I am having an issue while using Series.unique() in titanic dataframe.
While using the Series.unique() in the original df gives no error, but on concatenating train and tests based on specific columns, and then using Series.unique() gives me the error.
This according to what I have tried is being caused by replacing null values in the 5th statement. If I comment out that line, the code works without giving any error. Why is it so? And also is there any work around?
cat_cols = ['Pclass', 'Sex', 'Embarked']
df_train = pd.read_csv('train.csv')
df_pred = pd.read_csv('test.csv')
df_join = pd.concat([df_train[cat_cols], df_pred[cat_cols]])
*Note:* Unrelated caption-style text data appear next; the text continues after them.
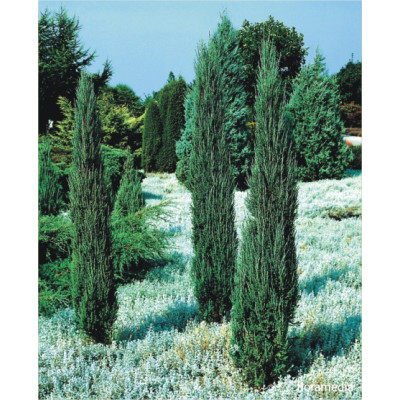Juniperus scopulorum 'Blue Arrow'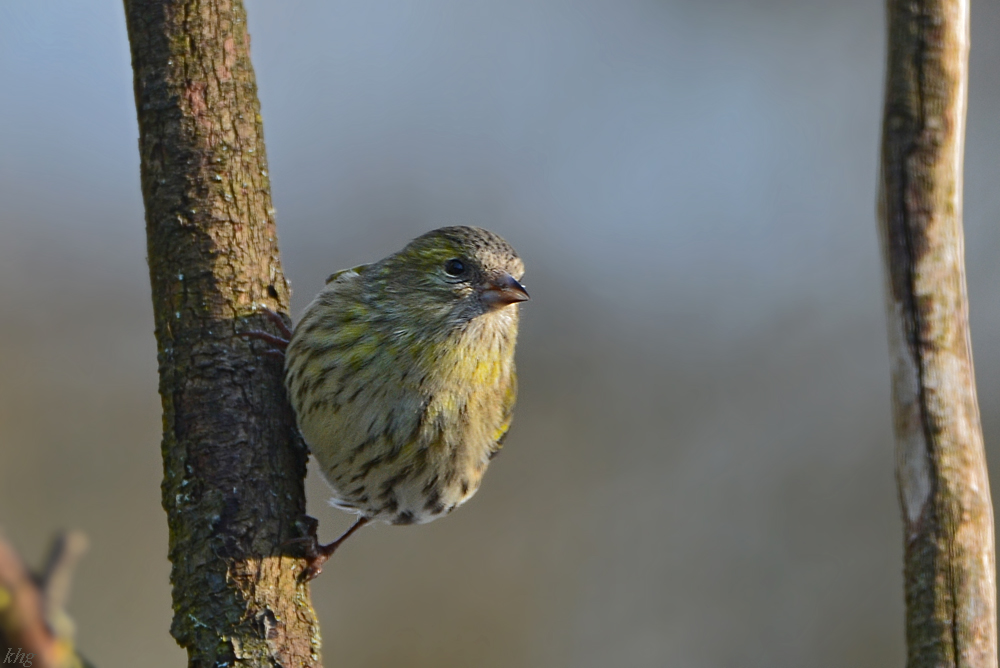 DSC 0594 Erlenzeisig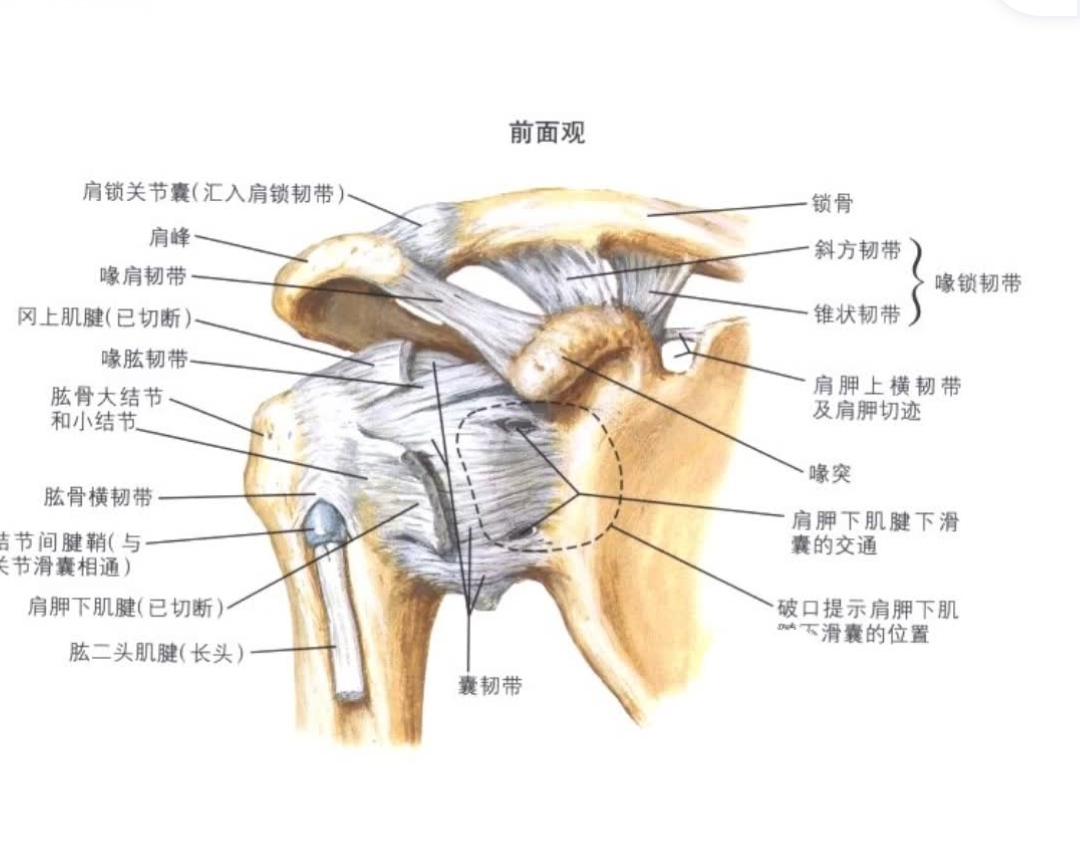 肱骨大结节结构图片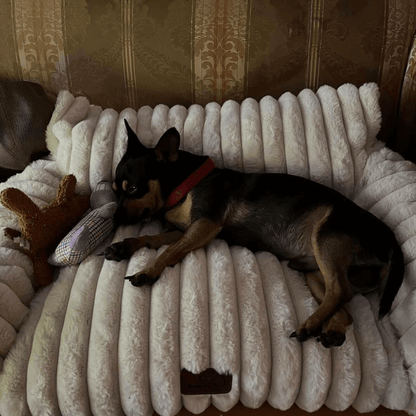 PuppyLounge™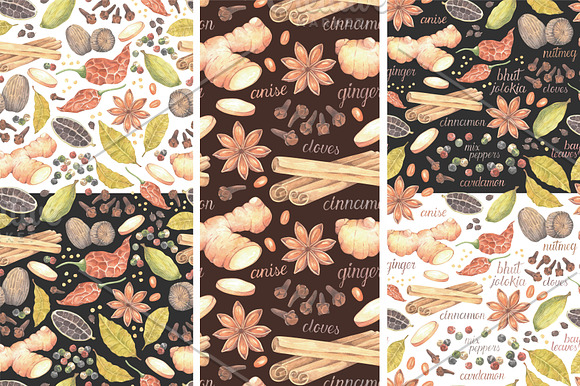 Watercolor spices collection. in Illustrations - product preview 1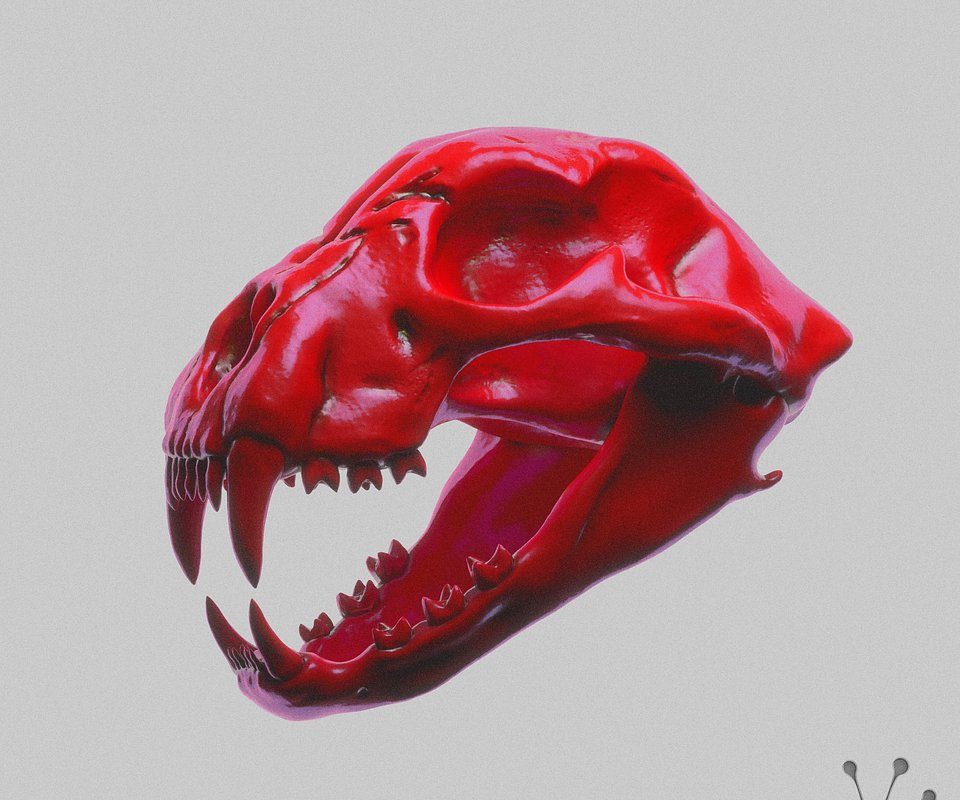 Funk Tribu Drops New Single ‘Voodoo’ on His Label TRIBE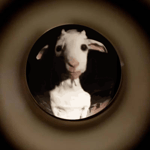 random slowed goofy laugh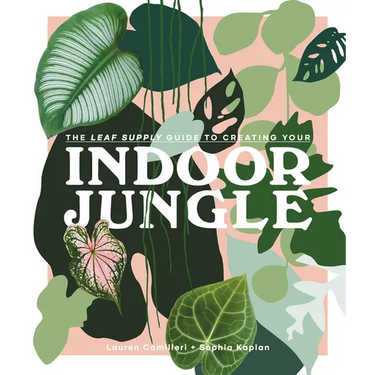 The Leaf Supply Guide to Creating Your Indoor Jungle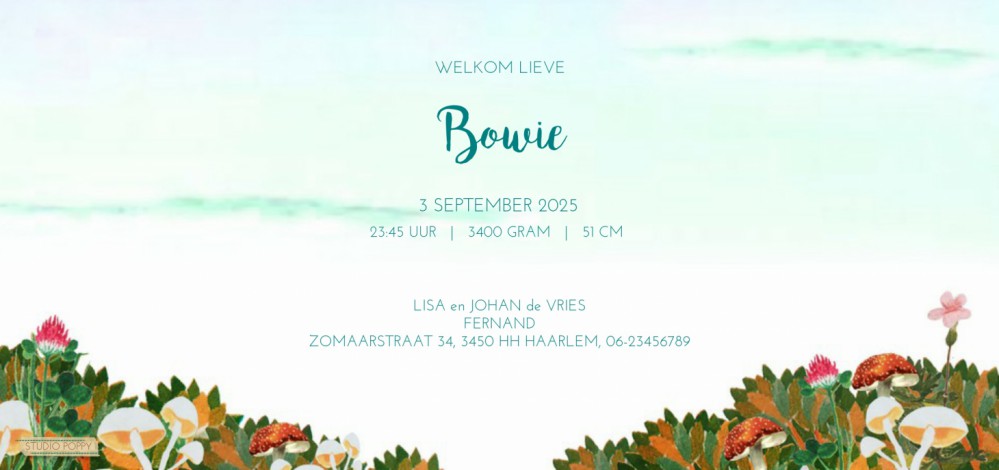 Retro geboortekaartje met lieve plaatjes van vroeger. Aandoenlijke en nostalgische verhaaltjes om jullie kindje aan te kondigen. Lief geboortekaartje met vintage vleugje dat toch ook tijdloos is. Maak eens een proefkaart en gebruik de beeldbank om jouw ei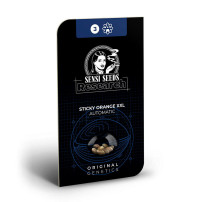Sensi Seeds Research Sticky Orange XXL Auto - Box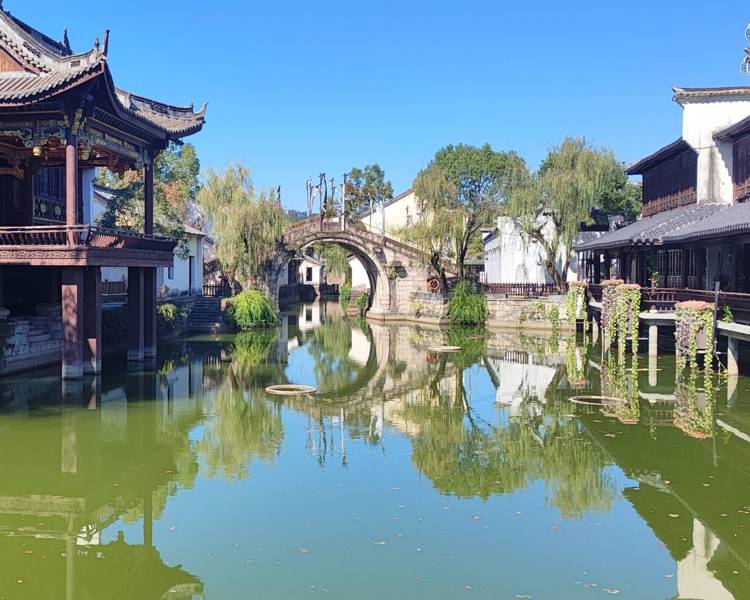 艺人背景图
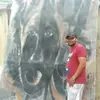 Albertino Killian - @albertinokillian - TikTok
df_join = df_join.fillna(df_join.mode, axis=0)
df_join.Embarked.unique()
The train and test files can be download from:
https://www.kaggle.com/c/titanic/download/test.csv https://www.kaggle.com/c/titanic/download/train.csv
I am currently using Pandas Version 0.23.4
Given:
cat_cols = ['Pclass', 'Sex', 'Embarked']
df_train = pd.read_csv('train.csv')
df_pred = pd.read_csv('test.csv')
df_join = pd.concat([df_train[cat_cols], df_pred[cat_cols]])
NaN
values occur only in Embarked
column as can be verified from below code:
df_join.info()
<class 'pandas.core.frame.DataFrame'>
Int64Index: 1309 entries, 0 to 417
Data columns (total 3 columns):
Pclass 1309 non-null int64
Sex 1309 non-null object
Embarked 1307 non-null object
dtypes: int64(1), object(2)
memory usage: 80.9+ KB
So, replacing the NaN
with the mode of the Embarked
column values:
df_join.Embarked = df_join.Embarked.fillna(df_join.Embarked.mode()[0])
df_join.Embarked.value_counts().sum()
# 1309
and looking for unique values:
df_join.Embarked.unique()
# array(['S', 'C', 'Q'], dtype=object)
Tip: It's not mode
but mode()[0]
Hope I answered your query, if not comment down your query.